Jubilant security officials in Pakistan said the capture of the key suspect in two assassination attempts against President Pervez Musharraf was yielding "a lot of tips" that had them "on the right track" to Osama bin Laden. Abu Farraj al-Libbi reportedly was seized in the North West Frontier Province, and within hours 11 other terrorist suspects also were in custody, the officials said. Al-Libbi is described as an Al Qaeda "planner" and a member of its hierarchy. In December 2003, Musharraf survived two bomb attacks attributed to his vital role in cooperating with the US counterterrorism fight.

Israel drew the line on handing over more West Bank towns to Palestinian control, saying President Mahmoud Abbas's government has failed in its commitment to collect weapons from militants in those already transferred: Jericho and Tulkarm. In all, five West Bank towns were to be turned over to the Palestinians under the Feb. 8 cease-fire agreed to by both sides.

Amid concerns over possible new violence in the streets, the president of Togo was being inaugurated Wednesday after the nation's constitutional court certified his controversial election victory.
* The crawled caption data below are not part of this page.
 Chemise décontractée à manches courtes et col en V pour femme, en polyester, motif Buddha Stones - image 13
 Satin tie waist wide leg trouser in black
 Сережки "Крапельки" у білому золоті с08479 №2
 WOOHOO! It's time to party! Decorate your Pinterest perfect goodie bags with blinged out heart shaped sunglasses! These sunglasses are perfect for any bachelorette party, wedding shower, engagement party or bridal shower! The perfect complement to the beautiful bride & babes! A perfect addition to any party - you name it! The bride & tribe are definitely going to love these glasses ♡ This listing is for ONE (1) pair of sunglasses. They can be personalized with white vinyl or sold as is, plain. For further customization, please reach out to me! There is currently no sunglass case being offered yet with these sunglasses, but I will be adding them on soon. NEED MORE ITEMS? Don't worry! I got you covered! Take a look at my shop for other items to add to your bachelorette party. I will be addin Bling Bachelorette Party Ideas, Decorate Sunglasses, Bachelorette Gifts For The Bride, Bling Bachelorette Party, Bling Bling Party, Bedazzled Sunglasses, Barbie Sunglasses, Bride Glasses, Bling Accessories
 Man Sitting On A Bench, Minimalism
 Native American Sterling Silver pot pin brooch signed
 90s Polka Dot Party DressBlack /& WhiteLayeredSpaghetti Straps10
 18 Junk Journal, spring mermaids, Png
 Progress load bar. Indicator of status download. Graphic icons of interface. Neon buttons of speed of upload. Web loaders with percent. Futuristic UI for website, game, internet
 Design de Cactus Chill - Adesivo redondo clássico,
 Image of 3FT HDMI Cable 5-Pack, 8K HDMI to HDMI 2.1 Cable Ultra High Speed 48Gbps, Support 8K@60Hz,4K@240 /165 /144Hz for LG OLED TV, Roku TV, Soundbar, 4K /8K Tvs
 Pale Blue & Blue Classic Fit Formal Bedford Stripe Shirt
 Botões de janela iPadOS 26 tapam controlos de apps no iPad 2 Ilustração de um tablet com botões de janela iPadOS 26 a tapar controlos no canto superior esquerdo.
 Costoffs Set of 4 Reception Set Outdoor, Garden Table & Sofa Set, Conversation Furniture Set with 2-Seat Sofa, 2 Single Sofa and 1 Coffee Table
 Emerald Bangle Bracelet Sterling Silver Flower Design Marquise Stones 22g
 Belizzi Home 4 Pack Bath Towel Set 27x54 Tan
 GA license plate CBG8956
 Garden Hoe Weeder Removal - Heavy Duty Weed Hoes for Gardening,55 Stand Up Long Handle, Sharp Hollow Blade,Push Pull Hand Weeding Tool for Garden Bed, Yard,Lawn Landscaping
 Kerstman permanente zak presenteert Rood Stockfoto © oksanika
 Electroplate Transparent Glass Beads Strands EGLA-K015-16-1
The announcement late last month of Faure Gnassingbe's win touched off days of fighting between furious opposition supporters and security forces in which at least 22 people were killed. Gnassingbe has called for his opponents to join a government of national unity, but they have refused.

Despite a vote in parliament last month extending to women in Kuwait the right to run and vote in local elections, they'll be barred from doing so after all, reports said. Islamist opposition legislators in the all-male parliament abstained from a follow-up vote on the suffrage measure Monday, meaning the earliest the polls may be opened to women is 2009.